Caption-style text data
+ + + + +

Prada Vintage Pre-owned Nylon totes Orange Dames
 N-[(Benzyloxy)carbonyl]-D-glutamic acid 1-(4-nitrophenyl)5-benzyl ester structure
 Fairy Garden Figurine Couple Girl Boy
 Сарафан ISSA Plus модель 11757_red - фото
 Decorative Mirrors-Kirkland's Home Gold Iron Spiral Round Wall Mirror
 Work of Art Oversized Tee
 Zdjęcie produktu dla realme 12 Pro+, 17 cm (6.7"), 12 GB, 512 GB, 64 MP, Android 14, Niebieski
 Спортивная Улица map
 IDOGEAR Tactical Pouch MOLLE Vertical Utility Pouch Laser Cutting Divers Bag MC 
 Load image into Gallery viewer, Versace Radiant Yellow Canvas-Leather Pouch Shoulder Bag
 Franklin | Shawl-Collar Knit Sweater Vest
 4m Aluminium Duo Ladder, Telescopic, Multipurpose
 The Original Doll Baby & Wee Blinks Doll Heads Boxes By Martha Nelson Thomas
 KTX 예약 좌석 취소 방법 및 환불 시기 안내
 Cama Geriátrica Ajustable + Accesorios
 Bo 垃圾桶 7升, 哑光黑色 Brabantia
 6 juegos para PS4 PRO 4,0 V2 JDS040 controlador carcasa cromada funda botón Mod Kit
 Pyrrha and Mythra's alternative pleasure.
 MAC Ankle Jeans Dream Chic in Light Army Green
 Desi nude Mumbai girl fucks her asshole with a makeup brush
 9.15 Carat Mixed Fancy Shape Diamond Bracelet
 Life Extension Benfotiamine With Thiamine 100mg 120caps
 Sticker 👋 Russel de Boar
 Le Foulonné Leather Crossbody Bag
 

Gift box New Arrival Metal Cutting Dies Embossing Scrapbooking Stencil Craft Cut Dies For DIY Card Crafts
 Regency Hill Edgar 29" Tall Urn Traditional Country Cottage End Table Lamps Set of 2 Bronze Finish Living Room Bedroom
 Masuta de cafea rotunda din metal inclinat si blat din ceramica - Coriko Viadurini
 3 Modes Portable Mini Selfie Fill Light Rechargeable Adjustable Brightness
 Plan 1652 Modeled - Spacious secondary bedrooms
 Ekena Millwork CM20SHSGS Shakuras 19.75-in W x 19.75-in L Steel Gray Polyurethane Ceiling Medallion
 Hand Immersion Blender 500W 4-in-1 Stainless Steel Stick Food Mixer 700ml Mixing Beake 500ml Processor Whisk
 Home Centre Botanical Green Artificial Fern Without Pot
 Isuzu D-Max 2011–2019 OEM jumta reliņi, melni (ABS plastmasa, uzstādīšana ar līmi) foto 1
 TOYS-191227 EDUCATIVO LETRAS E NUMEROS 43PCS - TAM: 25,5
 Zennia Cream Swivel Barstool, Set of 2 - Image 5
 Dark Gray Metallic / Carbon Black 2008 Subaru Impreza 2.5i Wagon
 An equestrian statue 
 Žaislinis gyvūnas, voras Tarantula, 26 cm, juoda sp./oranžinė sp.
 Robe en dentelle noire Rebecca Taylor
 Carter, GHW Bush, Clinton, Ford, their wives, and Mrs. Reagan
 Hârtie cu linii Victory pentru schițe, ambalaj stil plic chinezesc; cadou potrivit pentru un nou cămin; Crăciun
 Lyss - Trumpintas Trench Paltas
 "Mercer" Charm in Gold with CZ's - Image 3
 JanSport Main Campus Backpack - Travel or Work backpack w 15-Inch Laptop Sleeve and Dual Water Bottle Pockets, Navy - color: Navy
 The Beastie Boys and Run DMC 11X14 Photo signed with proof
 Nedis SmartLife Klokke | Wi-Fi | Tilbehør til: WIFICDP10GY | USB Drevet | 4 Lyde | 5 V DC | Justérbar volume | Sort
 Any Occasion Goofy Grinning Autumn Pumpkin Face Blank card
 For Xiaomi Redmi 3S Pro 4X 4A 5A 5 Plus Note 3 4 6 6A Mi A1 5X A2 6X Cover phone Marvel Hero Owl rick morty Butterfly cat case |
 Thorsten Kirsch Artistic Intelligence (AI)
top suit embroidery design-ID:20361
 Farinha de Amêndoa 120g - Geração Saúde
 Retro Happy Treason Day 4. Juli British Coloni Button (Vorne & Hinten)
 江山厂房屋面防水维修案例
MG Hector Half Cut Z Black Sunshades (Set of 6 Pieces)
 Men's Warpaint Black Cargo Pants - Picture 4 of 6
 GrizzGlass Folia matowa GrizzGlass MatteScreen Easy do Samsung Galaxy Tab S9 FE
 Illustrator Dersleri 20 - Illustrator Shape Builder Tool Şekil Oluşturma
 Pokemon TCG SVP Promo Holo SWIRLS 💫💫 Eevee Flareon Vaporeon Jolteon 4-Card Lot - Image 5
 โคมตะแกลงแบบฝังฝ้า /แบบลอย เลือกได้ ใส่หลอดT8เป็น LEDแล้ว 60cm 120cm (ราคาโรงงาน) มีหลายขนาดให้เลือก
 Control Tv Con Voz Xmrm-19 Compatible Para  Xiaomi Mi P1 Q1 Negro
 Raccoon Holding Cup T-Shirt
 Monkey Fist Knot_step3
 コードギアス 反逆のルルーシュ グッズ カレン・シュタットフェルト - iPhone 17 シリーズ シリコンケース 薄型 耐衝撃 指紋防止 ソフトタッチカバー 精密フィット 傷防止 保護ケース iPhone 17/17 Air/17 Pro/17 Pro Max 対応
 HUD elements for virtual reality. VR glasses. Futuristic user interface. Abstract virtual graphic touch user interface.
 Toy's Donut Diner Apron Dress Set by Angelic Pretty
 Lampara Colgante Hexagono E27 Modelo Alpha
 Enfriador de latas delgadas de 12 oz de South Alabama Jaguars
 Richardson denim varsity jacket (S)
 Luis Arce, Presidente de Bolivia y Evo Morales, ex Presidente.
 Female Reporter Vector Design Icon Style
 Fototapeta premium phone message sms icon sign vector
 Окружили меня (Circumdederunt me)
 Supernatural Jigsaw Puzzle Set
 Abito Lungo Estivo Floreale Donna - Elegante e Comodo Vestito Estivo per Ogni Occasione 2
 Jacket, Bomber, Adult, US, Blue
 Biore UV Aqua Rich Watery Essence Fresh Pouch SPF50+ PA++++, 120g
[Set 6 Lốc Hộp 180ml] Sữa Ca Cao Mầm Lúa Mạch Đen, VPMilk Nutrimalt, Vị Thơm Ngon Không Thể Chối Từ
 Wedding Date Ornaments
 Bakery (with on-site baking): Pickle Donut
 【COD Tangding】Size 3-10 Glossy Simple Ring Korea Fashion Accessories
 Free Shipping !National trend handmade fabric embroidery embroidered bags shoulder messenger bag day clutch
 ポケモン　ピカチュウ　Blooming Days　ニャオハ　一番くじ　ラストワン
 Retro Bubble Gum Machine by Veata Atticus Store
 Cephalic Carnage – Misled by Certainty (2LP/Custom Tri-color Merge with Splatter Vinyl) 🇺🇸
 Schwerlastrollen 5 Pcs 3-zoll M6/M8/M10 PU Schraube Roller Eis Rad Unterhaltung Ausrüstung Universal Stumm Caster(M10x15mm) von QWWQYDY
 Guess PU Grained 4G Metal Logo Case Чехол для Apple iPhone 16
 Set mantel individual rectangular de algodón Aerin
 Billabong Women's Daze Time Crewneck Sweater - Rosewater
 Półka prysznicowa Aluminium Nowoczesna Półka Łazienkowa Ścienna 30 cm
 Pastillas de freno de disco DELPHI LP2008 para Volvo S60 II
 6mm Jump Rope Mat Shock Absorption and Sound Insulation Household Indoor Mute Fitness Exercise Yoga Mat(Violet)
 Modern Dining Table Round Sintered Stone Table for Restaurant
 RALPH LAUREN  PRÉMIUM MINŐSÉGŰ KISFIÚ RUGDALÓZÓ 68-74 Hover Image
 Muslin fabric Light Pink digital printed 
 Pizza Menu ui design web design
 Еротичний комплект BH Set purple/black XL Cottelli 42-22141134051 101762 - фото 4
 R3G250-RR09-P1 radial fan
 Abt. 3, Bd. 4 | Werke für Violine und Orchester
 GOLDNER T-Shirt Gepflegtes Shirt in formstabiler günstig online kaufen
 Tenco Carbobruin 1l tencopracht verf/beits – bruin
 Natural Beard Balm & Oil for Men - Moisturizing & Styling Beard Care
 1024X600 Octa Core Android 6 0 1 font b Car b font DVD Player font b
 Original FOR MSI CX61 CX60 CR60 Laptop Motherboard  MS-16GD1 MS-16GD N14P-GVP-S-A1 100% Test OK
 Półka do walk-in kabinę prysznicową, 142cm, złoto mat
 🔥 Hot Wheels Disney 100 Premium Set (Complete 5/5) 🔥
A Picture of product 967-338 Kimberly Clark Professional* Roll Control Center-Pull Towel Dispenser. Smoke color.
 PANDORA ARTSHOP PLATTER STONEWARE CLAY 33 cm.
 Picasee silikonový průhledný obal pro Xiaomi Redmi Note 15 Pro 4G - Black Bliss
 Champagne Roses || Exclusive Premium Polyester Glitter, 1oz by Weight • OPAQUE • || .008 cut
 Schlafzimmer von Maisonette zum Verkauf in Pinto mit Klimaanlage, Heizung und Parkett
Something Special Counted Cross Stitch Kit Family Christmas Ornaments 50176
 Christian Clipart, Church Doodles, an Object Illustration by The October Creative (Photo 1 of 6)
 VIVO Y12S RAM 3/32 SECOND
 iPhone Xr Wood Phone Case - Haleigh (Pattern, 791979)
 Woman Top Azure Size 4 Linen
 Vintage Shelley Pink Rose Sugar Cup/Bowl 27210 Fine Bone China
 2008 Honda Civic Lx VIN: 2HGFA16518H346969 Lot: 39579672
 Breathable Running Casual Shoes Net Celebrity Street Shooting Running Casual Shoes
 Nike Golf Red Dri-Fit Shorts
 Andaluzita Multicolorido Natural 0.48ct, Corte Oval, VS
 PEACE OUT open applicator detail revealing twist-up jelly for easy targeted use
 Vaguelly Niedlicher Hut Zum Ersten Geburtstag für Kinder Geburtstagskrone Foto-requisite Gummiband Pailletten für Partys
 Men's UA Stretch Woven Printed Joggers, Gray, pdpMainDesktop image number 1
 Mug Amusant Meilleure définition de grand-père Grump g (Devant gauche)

+ + + + +

Exercise objective
Write out, from the lines above, only those from the line with "Jacket, Bomber, Adult, US, Blue" to the line with "Bakery (with on-site baking): Pickle Donut", exactly as given, including the first and the last.

The completed task
 Jacket, Bomber, Adult, US, Blue
 Biore UV Aqua Rich Watery Essence Fresh Pouch SPF50+ PA++++, 120g
[Set 6 Lốc Hộp 180ml] Sữa Ca Cao Mầm Lúa Mạch Đen, VPMilk Nutrimalt, Vị Thơm Ngon Không Thể Chối Từ
 Wedding Date Ornaments
 Bakery (with on-site baking): Pickle Donut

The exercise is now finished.